Researchers examined data from 640 accredited paramedic educational programs with students enrolled in 2019. Of those enrolled, only 69% obtained certification as a paramedic. Attrition accounted for 21% of the students exiting the potential workforce. Not passing the certification examination accounted for an 11% loss of workforce.
“The National Registry is taking a comprehensive look at the workforce, from educational programs to job satisfaction – even our certification examination,” said Bill Seifarth, CEO and executive director of the National Registry. “For several years, we have heard anecdotes and theories. It was time for a thorough look at what really was happening.”

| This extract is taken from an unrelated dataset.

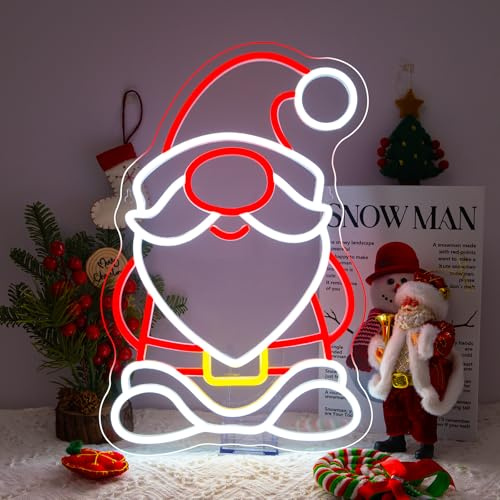 NOXET Christmas Gnome Neon Schild Christmas Weihnachtsmann Neon Sign Xmas Neons Licht für Wanddekoration Christmas Led Schild Für Partei,Neujahr, Festival Feiertagsdekoration für Familie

“To be clear, this is not a solitary study,” said Dr. Ashish Panchal, the National Registry’s research director and one of the study’s authors. “For the past several years and the foreseeable future, our research team has invested heavily in analyzing the EMS workforce. This is deeper than a simple conversation. We are letting science guide us to potential answers and solutions.”
Researchers say this study serves as a foundation for further studies.
“There is more work to be done,” said Seifarth. “Rather than point fingers at what or who may be to blame, we need to find solutions and answers that will help us strengthen EMS. I am proud of the work our team is doing in conjunction with the larger EMS community and other researchers.”
The peer-reviewed Paramedic Educational Program Attrition Accounts for Significant Loss of Potential EMS Workforce was authored by Matthew Ball, MD; Jonathan Powell, MPA, NRP; Christopher Gage, MHS, HRP; Katelynn A. Kapalo, PhD; Jordan Kurth, PhD; Lisa Collard, AS; Michael G. Miller EdD, RN; and Ashish Panchal, MD, PhD. It was published earlier this year and is now available publicly through the Journal of the American College of Physicians.